Election
time is coming and once again, it is time to talk chaos.
Not of the
political system, which is beyond repair, but of the voting process.
Every cycle
we seem to return to the same absurd problem…ballots and machines designed to
make voting easy but that have the opposite effect.
One year
it was the infamous butterfly ballot in which 23,000 people claimed to have
either punched the wrong hole or a second one in an attempt to undo their
initial choice. Another year it
was the hanging chad, a snippet of paper that was neither counted or
uncounted. Perplexing
instructions, confusing layouts, missing ballots, faulty machines…you would
think designing a way to record votes was the most complex challenge of all
time. We sent men to the moon,
designed Hoover Dam, yet we cannot seem to record votes.
Clearly we
need a national system that can be used equally everywhere in the country and
that takes advantage of the digital reality of the rest of our lives. Pipedream? Not really since there actually is such a system already in
place. It works smoothly, fairly,
efficiently, accurately, and nationally.
It is instant, cheap, and familiar to everyone. No one complains about it. Everyone trusts that it is
accurate. It is even fun.
I’m
talking about the state lotteries.
Why not
use the lottery machines for voting?
Once every
four years, for a twenty-four hour period, we turn the lottery machines
throughout the country over to the election process. Lottery machines in each state are tied to central computers
that instantly tally the numbers.
The machines are accurate and trustworthy; have you ever heard of anyone
complaining that the machine printed out the wrong numbers? Or mistakenly awarded them
millions?
In
addition, you immediately get a receipt that you can check. And the machines are simple to
use...all you have to do is fill in the boxes for your choices and hand the
card to the clerk who inserts it into the reader. The machines instantly reject any card that is improperly
filled out.
There are
other advantages to using lottery machines too.

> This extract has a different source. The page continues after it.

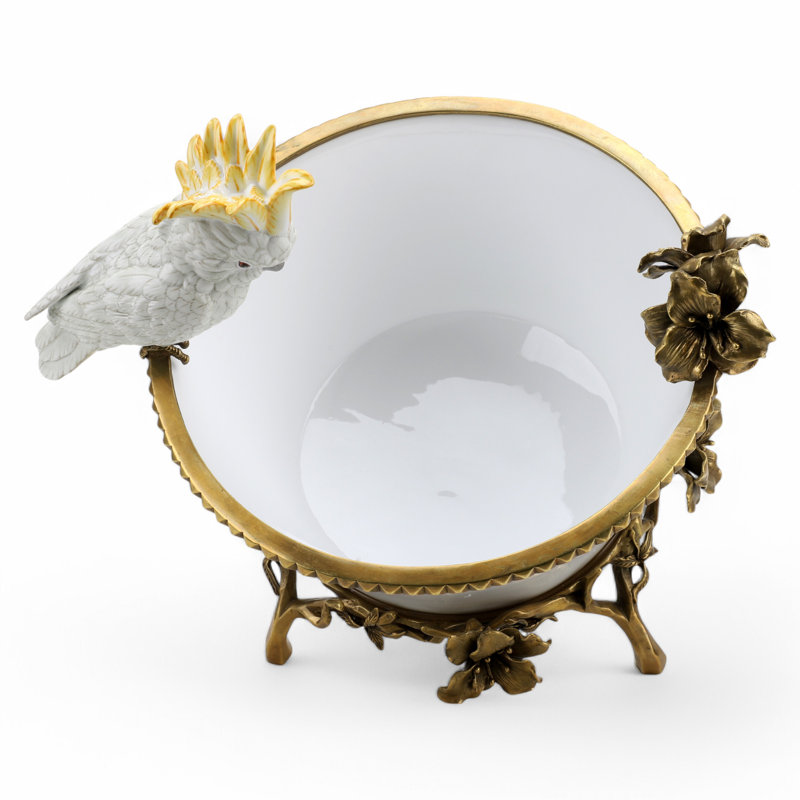 Porcelain Basin With Bronze Cockatoo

They are located in retail areas where people tend to go
anyway, not in churches and schools off the beaten path. Granted, this might lead to long lines
on election day, but no more than we already have at voting locations and
certainly no longer than the lines for mega-jackpots, which no one seems to
mind waiting on.
Details
would have to be added like an ID for each voter to prevent fraud and a
one-time use ticket. Other than
that, it is the exact same process that everyone uses to play for a fortune and
with little confusion. Anyone
without access to such a machine could mail their card in, just as they do now.
Improve
the system, simplify the process, guarantee the results, cost next to nothing,
and be available right away…not bad as a design solution. Come to think of it, we could increase
voter turnout substantially by combining the vote with a national lottery.
Kill two
birds...vote and win.
Naturally
there will be people who think this approach taints our election process and
demeans voting by associating it with gambling. As though the two are not already the same. Besides, voting and gambling are simply
two different ways of tabulating data.
Right now one works pretty well and the other is a national disaster. Chaos, as the theorists tell us, is a
fact of life in the universe and we have to learn to live with it.
But that
does not mean we have to vote for it.